▶

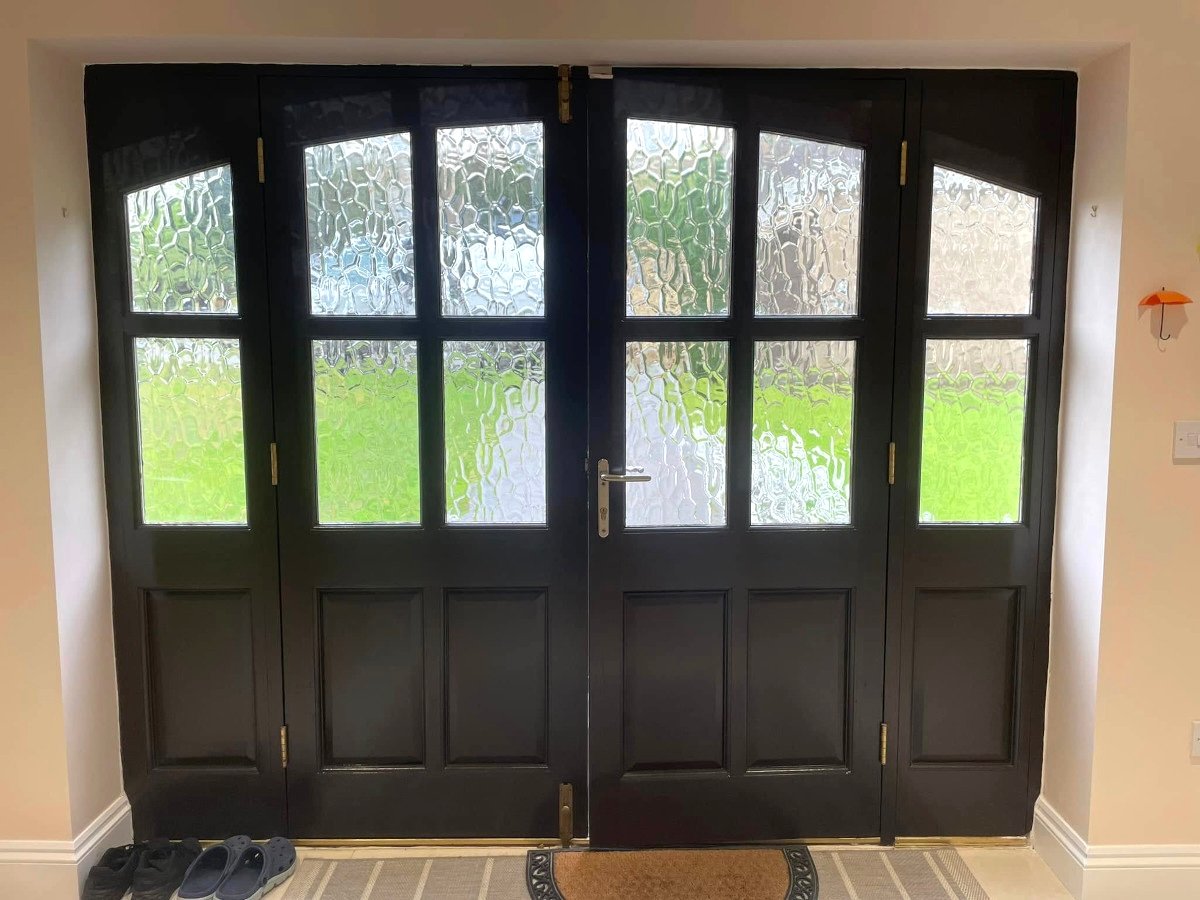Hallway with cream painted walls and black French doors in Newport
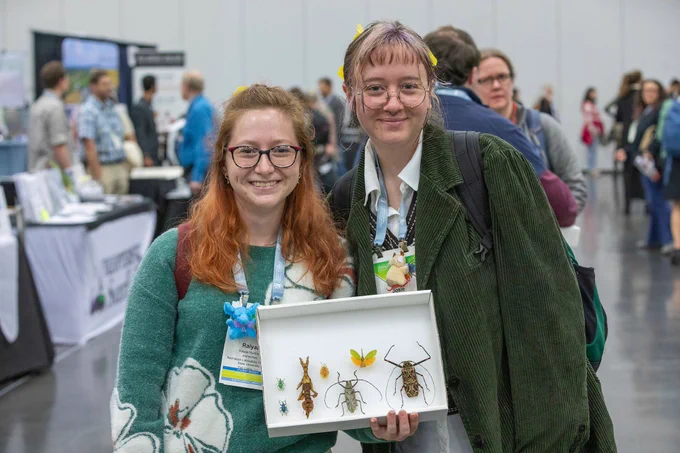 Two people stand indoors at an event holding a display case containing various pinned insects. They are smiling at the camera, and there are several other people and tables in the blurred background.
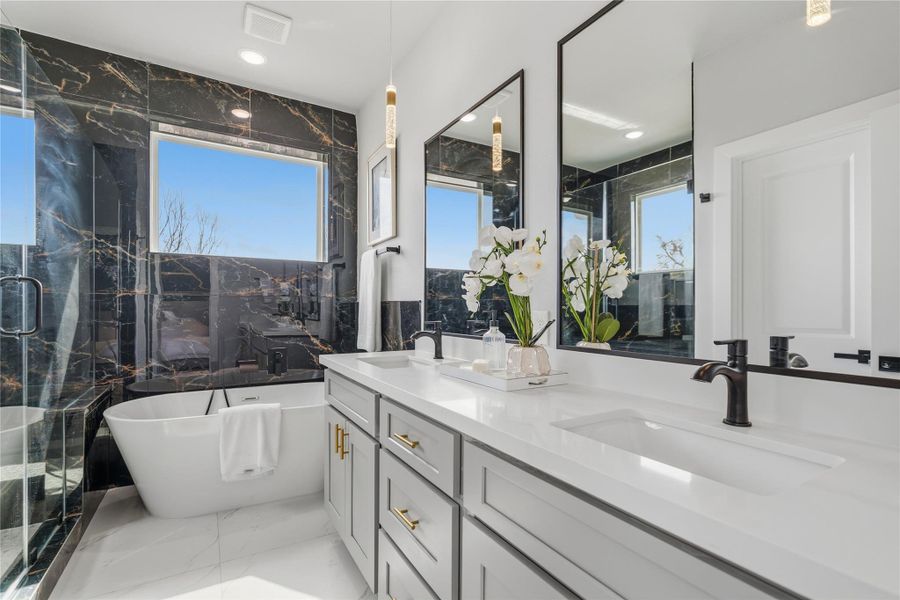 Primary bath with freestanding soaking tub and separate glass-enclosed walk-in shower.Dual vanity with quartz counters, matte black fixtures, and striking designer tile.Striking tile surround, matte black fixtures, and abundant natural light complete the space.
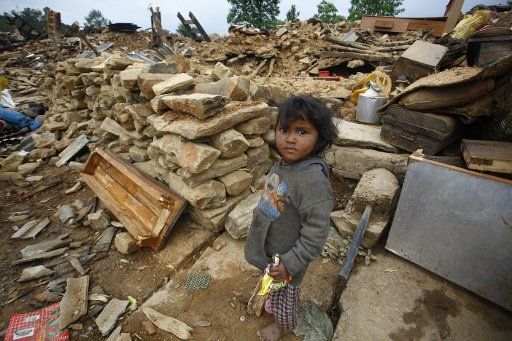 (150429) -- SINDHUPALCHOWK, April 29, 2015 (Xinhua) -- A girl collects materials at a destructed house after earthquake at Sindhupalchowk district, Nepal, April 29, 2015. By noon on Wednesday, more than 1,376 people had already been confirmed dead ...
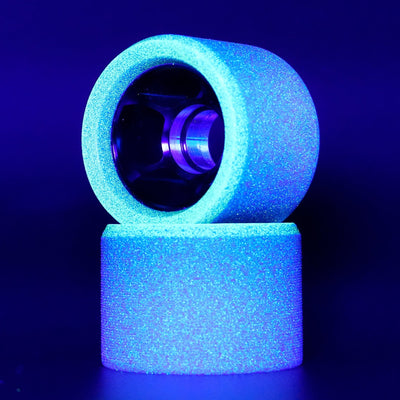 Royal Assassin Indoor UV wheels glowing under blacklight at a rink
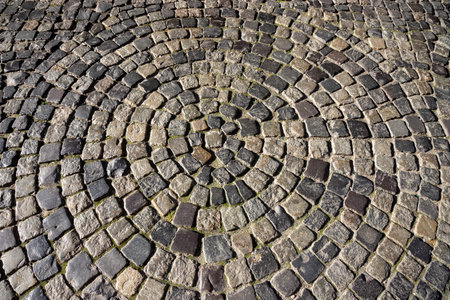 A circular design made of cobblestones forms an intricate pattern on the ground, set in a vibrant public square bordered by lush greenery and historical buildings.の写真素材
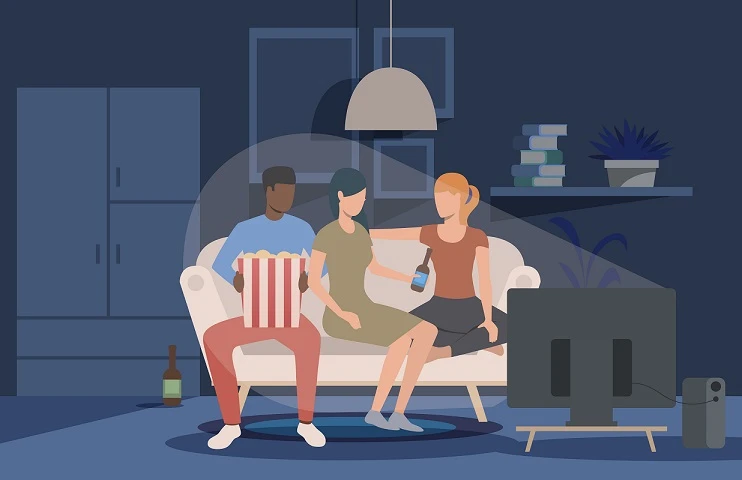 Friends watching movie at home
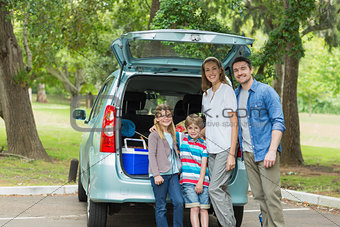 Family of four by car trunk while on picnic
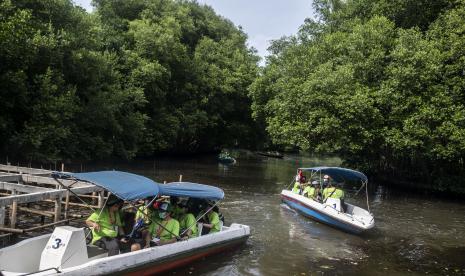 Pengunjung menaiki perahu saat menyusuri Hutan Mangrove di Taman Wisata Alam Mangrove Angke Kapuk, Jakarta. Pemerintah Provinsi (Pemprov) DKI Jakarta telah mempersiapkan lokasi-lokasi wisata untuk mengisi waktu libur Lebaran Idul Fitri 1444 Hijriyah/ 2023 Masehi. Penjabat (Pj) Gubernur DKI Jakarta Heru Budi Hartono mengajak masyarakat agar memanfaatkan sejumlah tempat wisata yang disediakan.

◀
▶

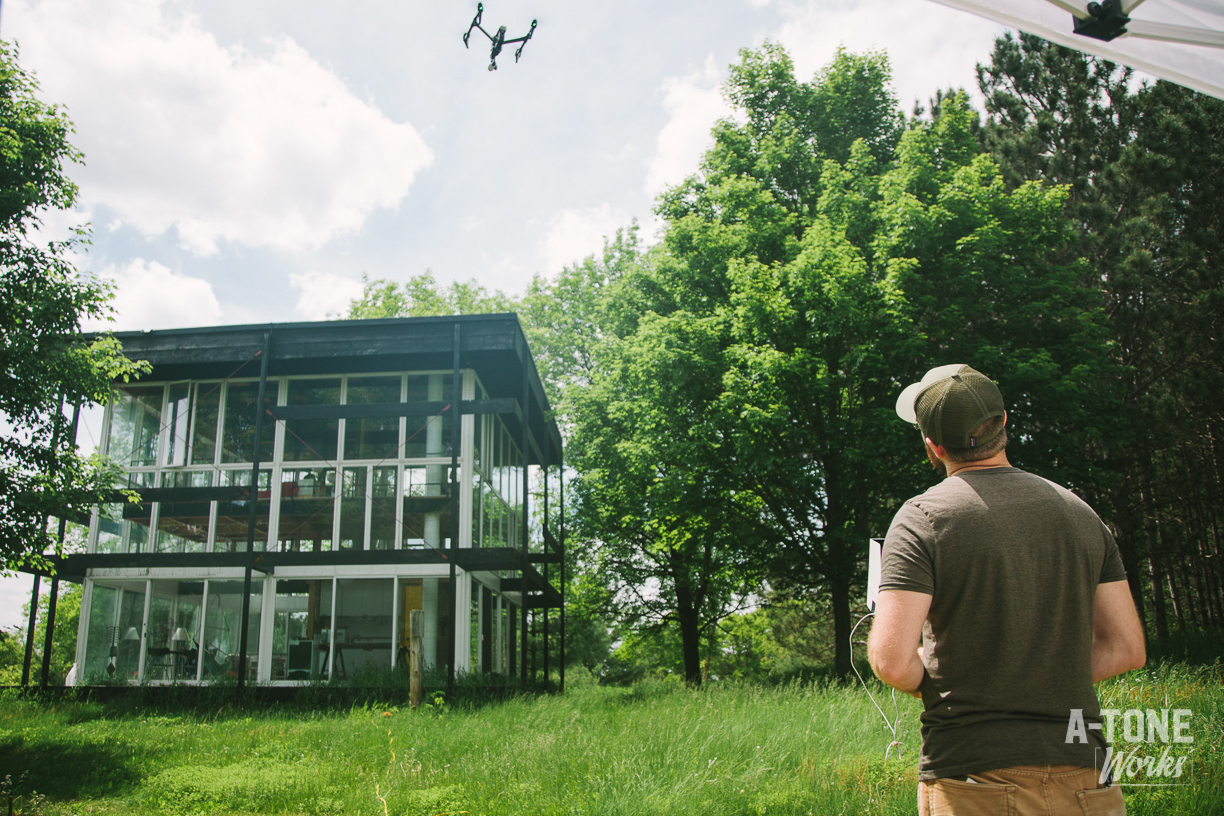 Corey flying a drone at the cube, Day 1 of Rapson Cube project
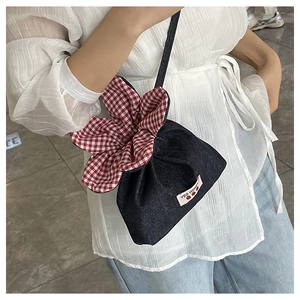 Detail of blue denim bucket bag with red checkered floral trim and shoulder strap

◀
▶

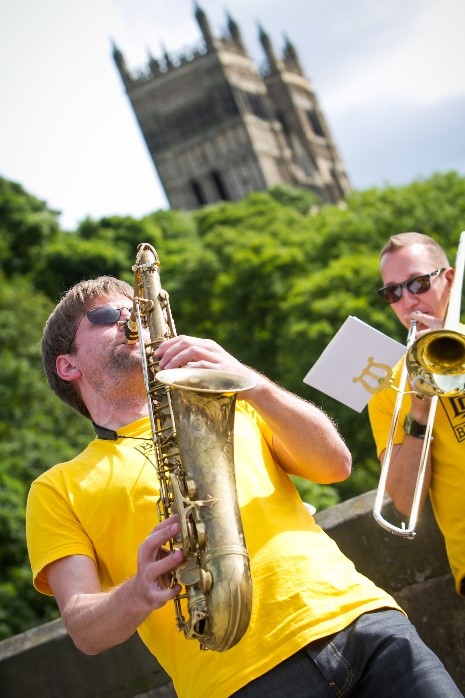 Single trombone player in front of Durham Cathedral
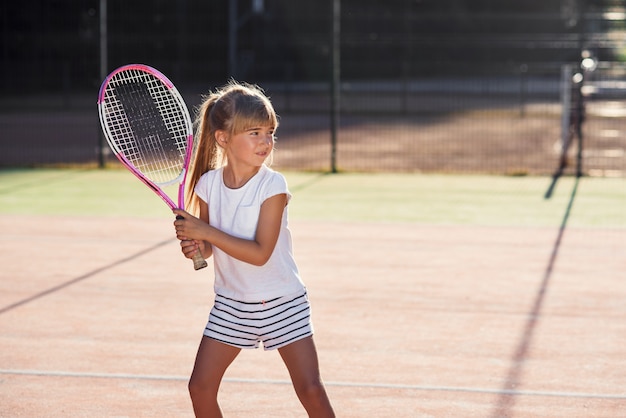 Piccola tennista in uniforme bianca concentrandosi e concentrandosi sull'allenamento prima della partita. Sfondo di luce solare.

◀

» **Exercise directions**
Repeat exactly the stretch of the listing above that starts with the line holding "Hallway with cream" and finishes with the line holding "(150429) -- SINDHUPALCHOWK, April", both included. Skip every picture.

» **Expected answer**
Hallway with cream painted walls and black French doors in Newport
 Two people stand indoors at an event holding a display case containing various pinned insects. They are smiling at the camera, and there are several other people and tables in the blurred background.
 Primary bath with freestanding soaking tub and separate glass-enclosed walk-in shower.Dual vanity with quartz counters, matte black fixtures, and striking designer tile.Striking tile surround, matte black fixtures, and abundant natural light complete the space.
 (150429) -- SINDHUPALCHOWK, April 29, 2015 (Xinhua) -- A girl collects materials at a destructed house after earthquake at Sindhupalchowk district, Nepal, April 29, 2015. By noon on Wednesday, more than 1,376 people had already been confirmed dead ...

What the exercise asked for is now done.